Humphris, Jane and Rebecca Bradshaw. 2017. ‘Understanding “the Community” before Community Archaeology: A Case Study from Sudan.’ Special Series, African Perspectives on Community Engagement, guest-edited by Peter R. Schmidt. Journal of Community Archaeology and Heritage 4 (3): page 203–217.

Acknowledgements

We first presented this paper at the Society for Africanist Archaeologists (SAfA) conference of 2016 in a session convened by Innocent Pikirayi and Peter Schmidt, ‘Success Stories about Community Archaeology and Heritage in Africa’. We are grateful to Innocent and Peter for their engaged comments on an earlier draft of this paper, and to the editors and reviewers of the Journal of Community Archaeology and Heritage. We thank the National Corporation for Antiquities and Museums in Sudan (NCAM), for allowing and supporting this research, and UCL (Beacon Bursary), UCL Qatar and QSAP (Qatar Sudan Archaeology Project) for providing funding which enabled this work or associated work to take place. Many of the UCL Qatar team working in Sudan have played an integral role in implementing the meetings, often late at night during periods of intensive archaeological research. We specifically thank Basil Kamal Bushra and Sayed Ahmed Mokhtar (both University of Khartoum), as well as Abdelhai Abdelsawi Fedlemula (NCAM). Ahmed Hamid Nassr of the University of al Nileen and Abdel Monim Ahmed Abdalla Babiker of the University of Shendi are also specifically thanked for their assistance and support. To all of the other team members who contributed by delivering and translating questionnaires, handing out drinks and biscuits during the meetings, assisting with the meeting setups and taking photographs, we owe you a huge thanks. Meetings would also not have been possible without non-team members such as the local women and imams, who so kindly advertised the meetings for us. We also thank Paul Belford and Stavroula Golfomitsou for offering comments on an earlier draft of this paper. We would like to finally thank all of the local community members who, some with amusement and some with curiosity, gave their time to attend the meetings and provide input through the discussions and questionnaires. We thank you for your trust and hope we can meet your expectations in the future.

Disclosure statement

No potential conflict of interest was reported by the author.

Notes on contributors

Jane Humphris is a Principal Research Associate at University College London (UCL) Qatar. She holds a PhD in African Archaeometallurgy and an MA in African Archaeology from UCL, UK, and a BA in Ancient History and Archaeology from the University of Manchester, UK. Jane’s research in Sudan focuses mainly on ancient iron production associated with the Kingdom of Kush. Alongside the research, she runs a community engagement and capacity building programme, which involves meetings, interviews and lectures, as well as training Sudanese students.

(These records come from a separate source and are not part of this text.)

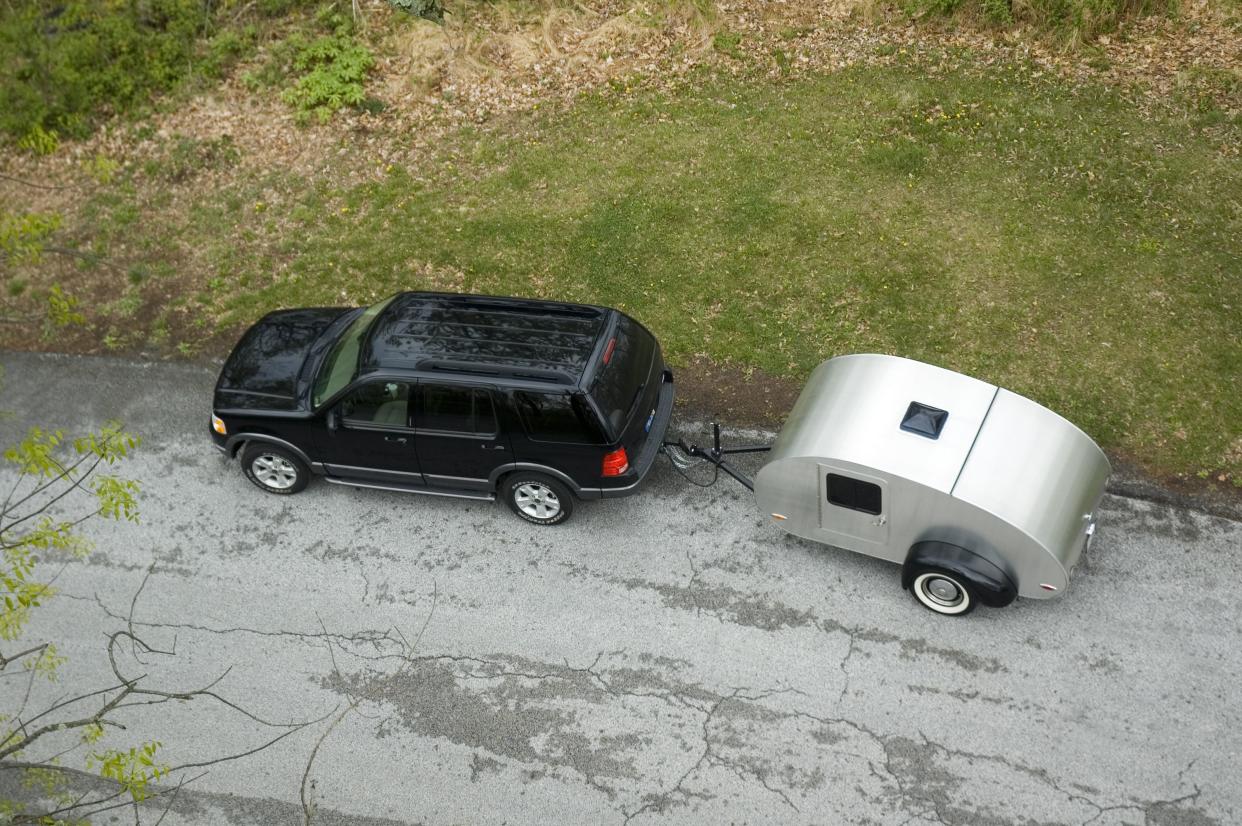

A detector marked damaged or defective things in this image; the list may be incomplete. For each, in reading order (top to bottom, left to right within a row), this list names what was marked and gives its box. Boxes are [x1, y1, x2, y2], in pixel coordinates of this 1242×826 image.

cracked asphalt [2, 350, 1240, 820]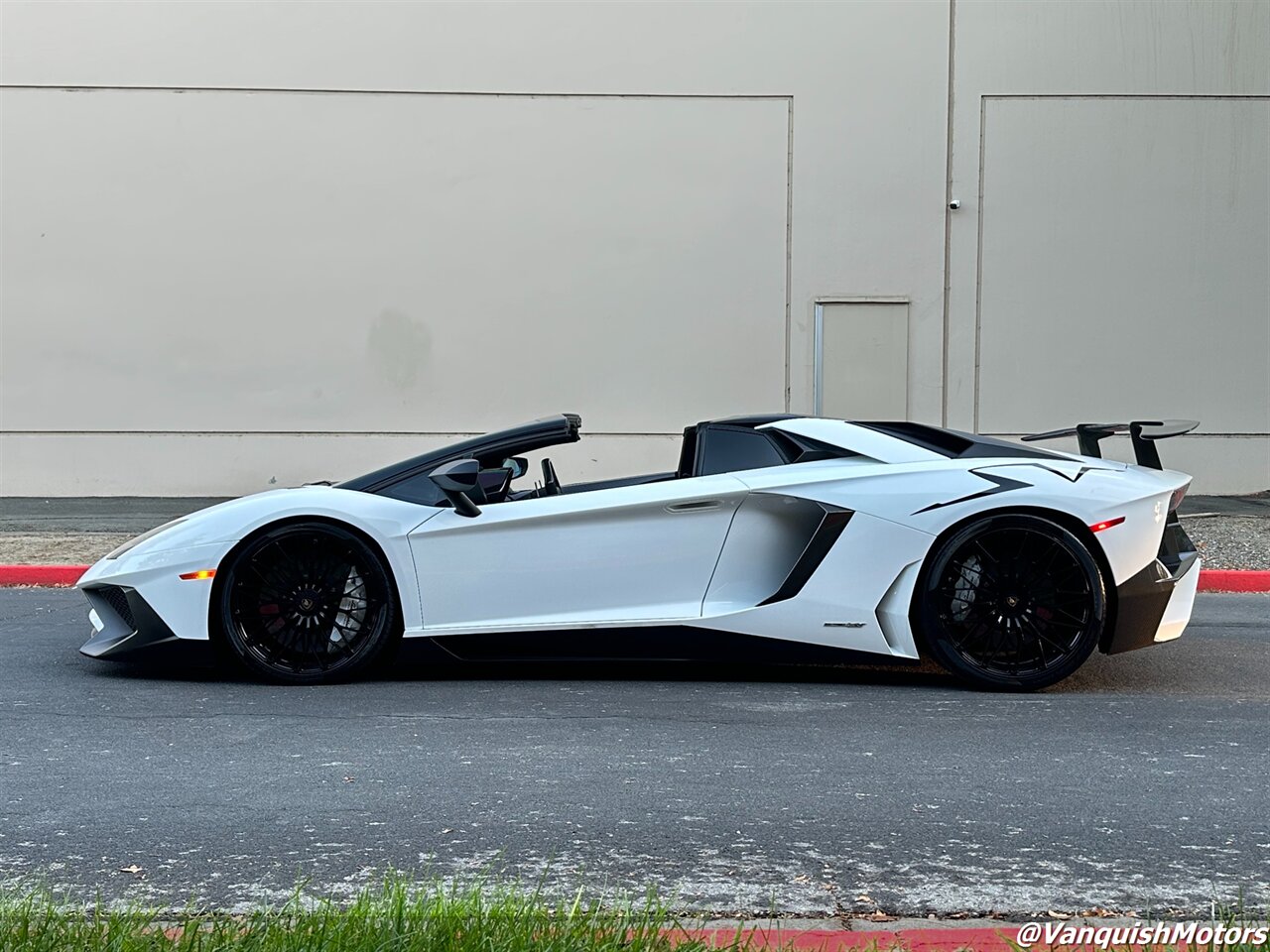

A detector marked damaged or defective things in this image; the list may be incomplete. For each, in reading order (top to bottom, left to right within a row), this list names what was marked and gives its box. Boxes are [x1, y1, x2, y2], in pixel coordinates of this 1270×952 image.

cracked pavement [0, 588, 1264, 918]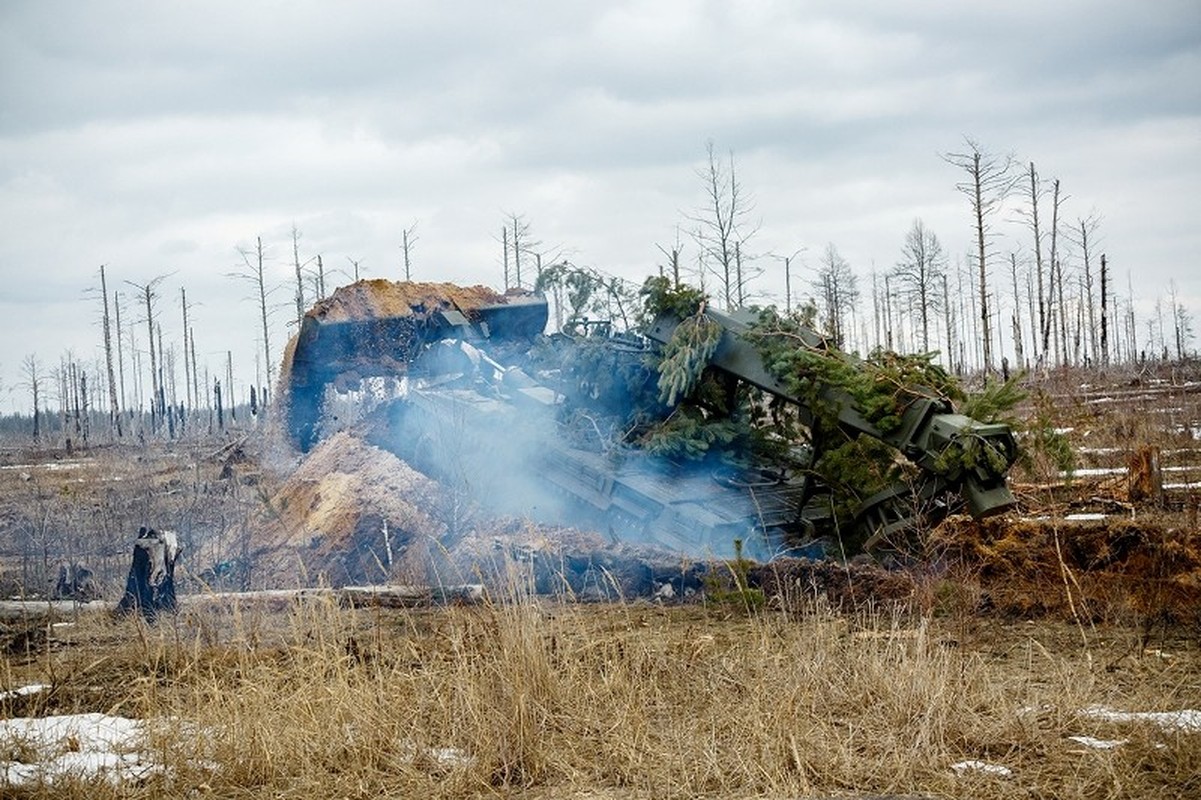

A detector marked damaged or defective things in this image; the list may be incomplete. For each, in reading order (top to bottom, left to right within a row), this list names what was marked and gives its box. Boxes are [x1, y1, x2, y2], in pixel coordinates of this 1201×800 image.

destroyed military vehicle [282, 278, 1012, 560]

Rebecca Bradshaw has submitted her PhD at the School of Oriental and African Studies, University of London, UK, in which she examines the political and economic impact of archaeology in Sudan. She also holds an MPhil in Egyptology from the University of Cambridge and a BA in Ancient History from the University of Warwick. She has worked extensively in Sudan, with teams from UCL Qatar and the British Museum, and has also helped to spearhead archaeological and anthropological investigations in Egypt and Iraqi Kurdistan.